La génération que l’on croyait sacrifiée des libéraux reyndersiens Crucke et Jeholet arrive aux affaires. Ils sont cependant toujours dirigés par le "michelien" Willy Borsus, revenu de son exil fédéral. Deux ans après, le gouvernement tombe bêtement et c’est l’"arc-en-ciel" (PS-MR-Écolo) qui finit par voir le jour de manière un peu poussive.
Jeholet, parti pour être le chef dans un autre gouvernement, Crucke aurait pu rêver de compétences mieux fournies. Il aurait bien gardé l'Énergie par exemple. Il ne s'occupe pas moins du Budget avec enthousiasme. Il évoque souvent BBZ (Budget base zéro), le nec plus ultra pour réaliser des économies en Wallonie - qui malgré les promesses est encore en chantier. Pour rester ministre, il ne se porte pas candidat à la succession de Charles Michel. Deux ans comme ministre, c'était trop court. Et voilà qu'arrive Georges-Louis Bouchez. Au début, ça va… Jean-Luc Crucke l'a soutenu avec force. Mais il ne s'attendait pas à ça. Le premier conflit commence lorsque Bouchez veut sortir Valérie De Bue du gouvernement wallon pour placer un Denis Ducarme désœuvré. Crucke et Borsus font barrage. "Jean-Luc a même menacé de démissionner", entend-on chez les libéraux.
L’amour est mort
A-t-il voulu, lors d'une soirée mémorable où le MR s'est réuni d'urgence pour régler la crise interne, remplacer un Bouchez qui vacillait ? Lui a-t-on proposé ? A-t-il fait offre de service ? Plusieurs versions s'affrontent. Le fait est que depuis lors, entre les deux hommes, l'amour s'en est allé. Il y aura encore cette sortie dans le Standaard où il évoque, notamment, le ton et le style de son président. Ça passe mal, d'autant que personne ne le suit. Alors il budgète. Une pandémie passe par là, il continue de budgéter. Des inondations ravagent une région, il budgète toujours. Un plan de relance se met en place, ce n'est pas lui qui budgète, "c'est la clé D'Hondt" - du nom de cette clé de répartition proportionnelle -, a dit récemment Olivier de Wasseige, l'administrateur délégué de l'UWE.

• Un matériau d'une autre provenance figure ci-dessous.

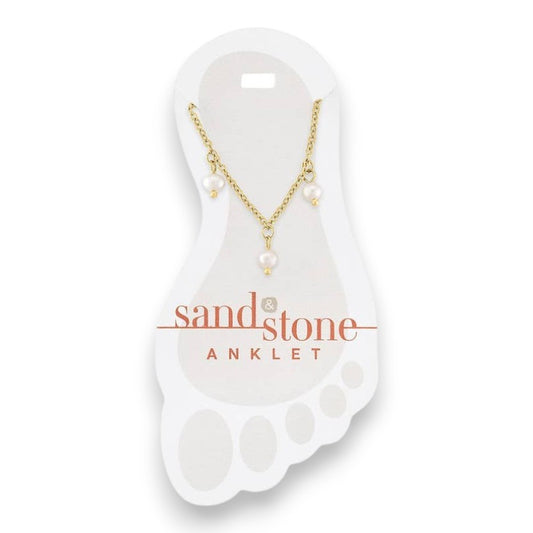 Gold Multi-Pearl Dangle - Sand and Stone - Anklet - Mellow Monkey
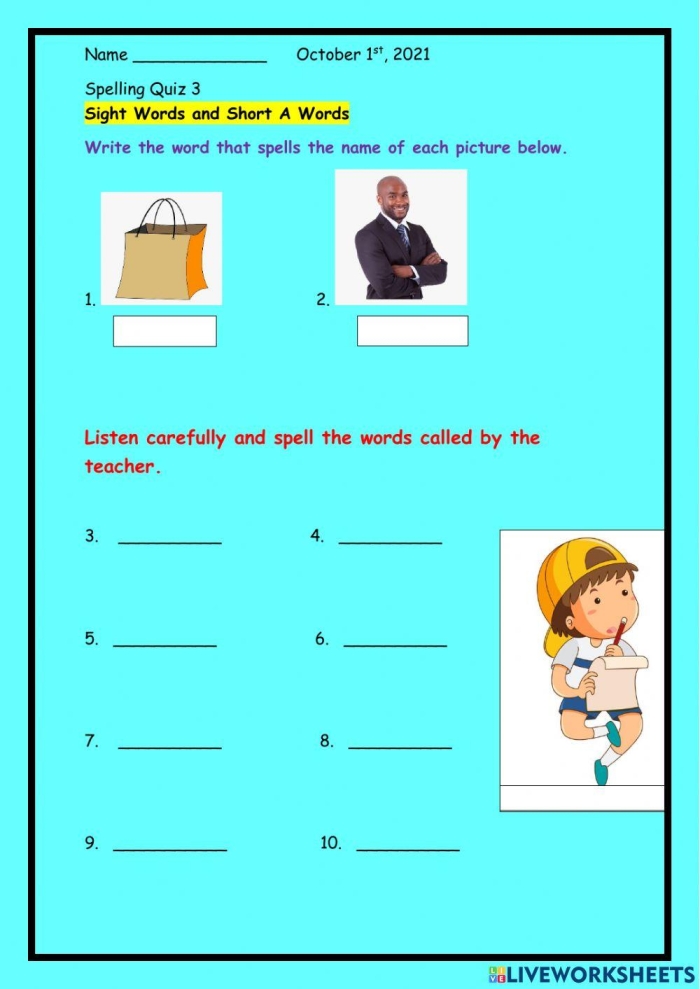 Engaging spelling exercise for geometry concepts aimed at first graders First grade spelling quiz worksheet featuring fill-in-the-blank words to enhance spelling skills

Le temps passant, il se sent bien dans ce gouvernement même s’il regrettera de voir partir Pierre-Yves Dermagne (PS), avec qui il entretient des liens très forts, vers le fédéral. Il va aussi découvrir en Elio Di Rupo une personnalité qu’il n’imaginait peut-être pas.

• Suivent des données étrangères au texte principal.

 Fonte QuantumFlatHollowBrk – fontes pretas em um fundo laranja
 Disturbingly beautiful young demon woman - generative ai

Il s’en prend à la dette wallonne
Mais il a du boulot et son cabinet doit suivre le rythme et les humeurs du patron. Son premier chef de cabinet renonce en cours de route. Mais Crucke avance. Il s'en prend à la dette. Pas de tabous, disait-il. Une Agence de la dette, des experts, des académiques, un travail de fond, il vante la méthode. "La dette wallonne est-elle soutenable ?", leur demande-t-il. Et ils disent… "non". Alors il reprend son budget et il impose des économies. Ce n'est pas facile. Le ministre du Budget se doit d'être un tyran. Sinon ça dépense, ça dépense, ça dépense… Son péché mignon, ce sont les infrastructures sportives. Il adore le sport et construire des halls de sports, des terrains de foot, un vélodrome, etc. Mais il a peu de moyens. Alors il trouve des solutions.

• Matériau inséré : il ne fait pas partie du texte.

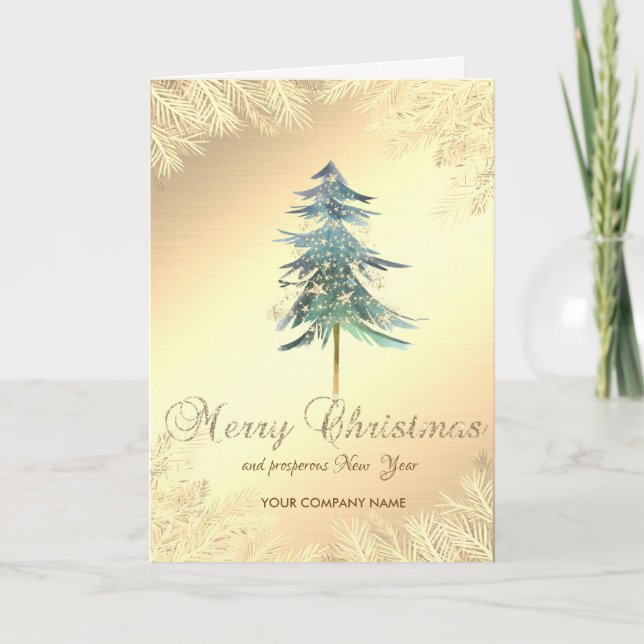 Tarjeta Festiva Árbol de navidades, ramas, oro, corporaciones (Anverso)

On l’entend moins depuis quelque temps, mais il y a aussi Jean-Luc le régionaliste. Fervent défenseur d’une Belgique à quatre Régions, ce Flamand d’origine, égaré en Wallonie, s’est attaché à ce sud du pays qu’il a traversé à pied, pendant l’année 2016, faisant près de 900 kilomètres. Il a aussi cette singularité de prendre encore le train et de gérer lui-même son compte Facebook au grand désespoir de sa responsable de la communication. Voilà donc que son tempérament explosif a de nouveau fait parler de lui. S’il sauve sa tête, pour l’instant, c’est sans doute grâce à cette loyauté gouvernementale à laquelle il tient et que la direction de son parti n’envisage pas de la même manière que lui.